Yes, I've seen the implementation. 

> Obviously we haven't yet figured out what are peoples' preferences in terms of
> "fill the holes and unshare the shared" vs. "only unshare the shared" vs. "only
> fill the holes".  It isn't that hard to add a FALLOC_FL_UNSHARE_FILL_HOLES flag
> that fills the holes while unsharing is going on.
> 
> Personally I suspect that the most interest is in filling holes and unsharing,
> because they don't want to pay for allocation at a critical stage for anywhere
> in the file.  But I could be wrong, so allowing both goals to be expressed via
> mode allows flexibility.

Exactly.  And a normal falloc should do just that - fill holes and
ensure that we don't need to COW already allocated locks.  So I don't
think we need a new fallocate interface for that.  The question is if we
want a copy interface that gives you the same semantics as if you also
called an fallocate on the destination range.  For that case we'd
usually want to avoid doing the clone and instead do a in-kernel or
hardware assisted copy and then fill the holes with unwritten extents.
--
To unsubscribe from this list: send the line "unsubscribe linux-nfs" in
the body of a message to majordomo@vger.kernel.org
More majordomo info at  http://vger.kernel.org/majordomo-info.html
Darrick J. Wong Oct. 14, 2015, 6:46 p.m.

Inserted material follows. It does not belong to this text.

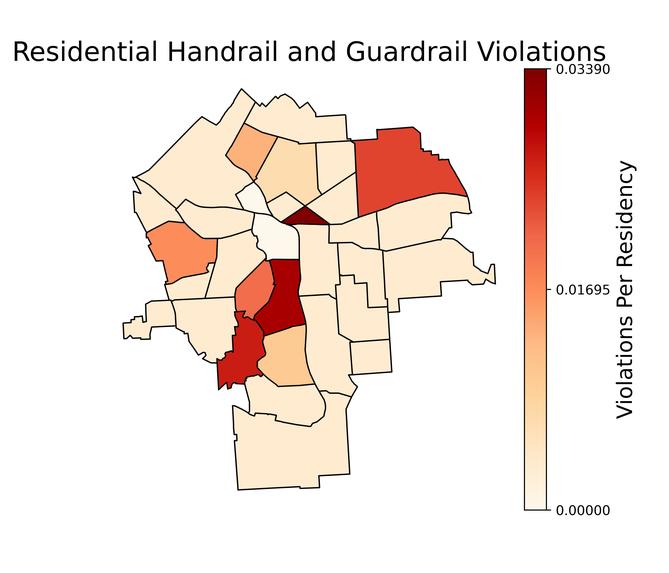 Addressing Housing Violations for Community Growth – screenshot 9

UTC | #6
On Tue, Oct 13, 2015 at 12:29:59AM -0700, Christoph Hellwig wrote:
> On Mon, Oct 12, 2015 at 04:41:06PM -0700, Darrick J. Wong wrote:
> > One of the patches in last week's XFS reflink patchbomb adds FALLOC_FL_UNSHARE
> > flag; at the moment it _only_ forces copy-on-write of shared blocks, and it
> > leaves holes alone.
> 
> Yes, I've seen the implementation. 
> 
> > Obviously we haven't yet figured out what are peoples' preferences in terms of
> > "fill the holes and unshare the shared" vs. "only unshare the shared" vs. "only
> > fill the holes".  It isn't that hard to add a FALLOC_FL_UNSHARE_FILL_HOLES flag
> > that fills the holes while unsharing is going on.
> > 
> > Personally I suspect that the most interest is in filling holes and unsharing,
> > because they don't want to pay for allocation at a critical stage for anywhere
> > in the file.  But I could be wrong, so allowing both goals to be expressed via
> > mode allows flexibility.
> 
> Exactly.  And a normal falloc should do just that - fill holes and
> ensure that we don't need to COW already allocated locks.  So I don't
> think we need a new fallocate interface for that.

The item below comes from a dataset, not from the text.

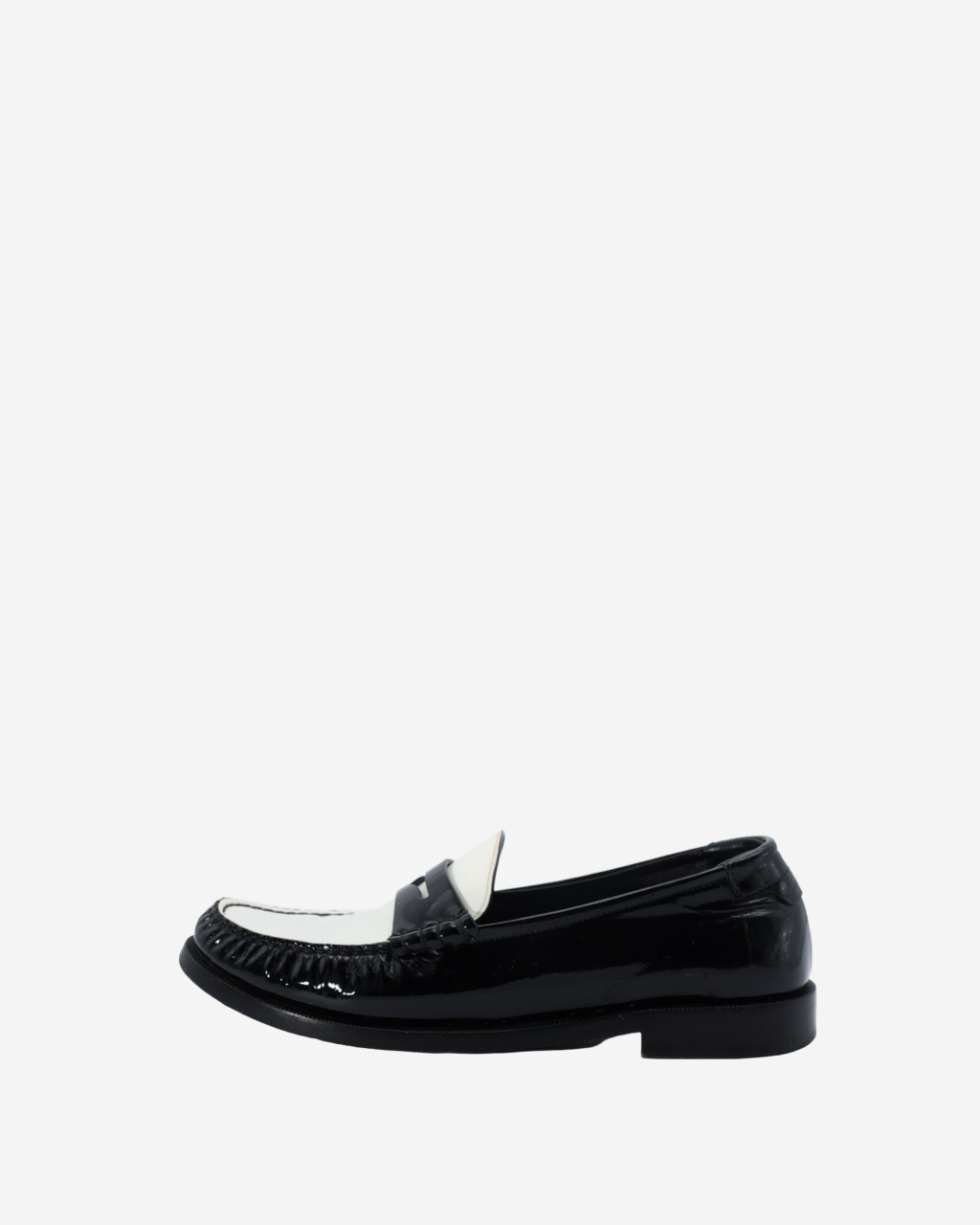 Mocasines Saint Laurent 38.5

The documentation for fallocate ought to be updated to include that as part of
guaranteeing that subsequent writes to the range won't fail due to ENOSPC,
shared blocks will be unshared.

Incidentally, btrfs leaves shared blocks alone.  OTOH, given that it's totally
COW it probably doesn't make sense to unshare blocks anyway... but maybe I
also don't want to dive into btrfs f-allocation behavior at this time. :)

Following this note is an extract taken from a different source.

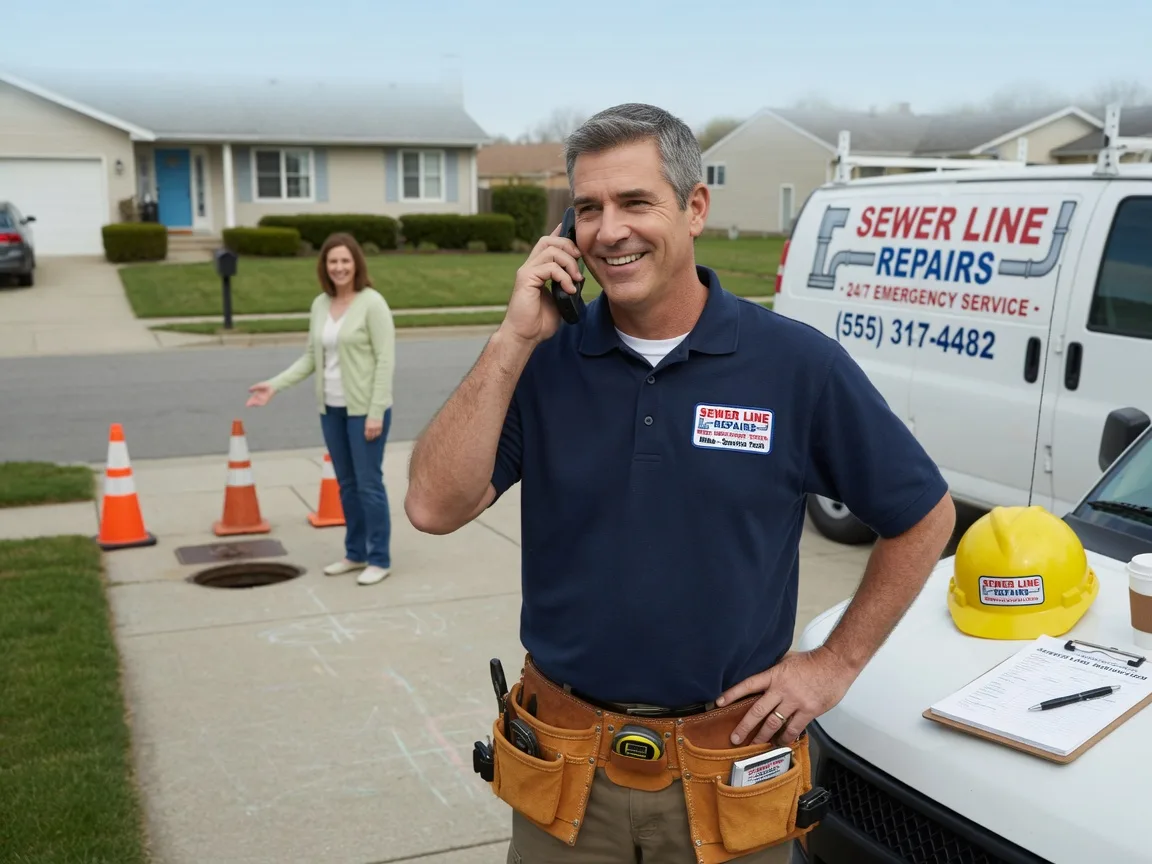 Emergency Plumber West Valley, NY FAQs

Ok, so I'll rework the XFS funshare code into something that hangs off the
regular fallocate call, and get rid of the explicit 'funshare' bits.

> The question is if we
> want a copy interface that gives you the same semantics as if you also
> called an fallocate on the destination range.  For that case we'd
> usually want to avoid doing the clone and instead do a in-kernel or
> hardware assisted copy and then fill the holes with unwritten extents.

Probably; I can easily imagine people wanting to fill the holes and also
not wanting them filled.

--D

> --
> To unsubscribe from this list: send the line "unsubscribe linux-api" in
> the body of a message to majordomo@vger.kernel.org
> More majordomo info at  http://vger.kernel.org/majordomo-info.html
--
To unsubscribe from this list: send the line "unsubscribe linux-nfs" in
the body of a message to majordomo@vger.kernel.org
More majordomo info at  http://vger.kernel.org/majordomo-info.html
Christoph Hellwig Oct. 15, 2015, 6 a.m. UTC | #7
On Wed, Oct 14, 2015 at 11:46:08AM -0700, Darrick J. Wong wrote:
> The documentation for fallocate ought to be updated to include that as part of
> guaranteeing that subsequent writes to the range won't fail due to ENOSPC,
> shared blocks will be unshared.
> 
> Incidentally, btrfs leaves shared blocks alone.  OTOH, given that it's totally
> COW it probably doesn't make sense to unshare blocks anyway... but maybe I
> also don't want to dive into btrfs f-allocation behavior at this time. :)
> 
> Ok, so I'll rework the XFS funshare code into something that hangs off the
> regular fallocate call, and get rid of the explicit 'funshare' bits.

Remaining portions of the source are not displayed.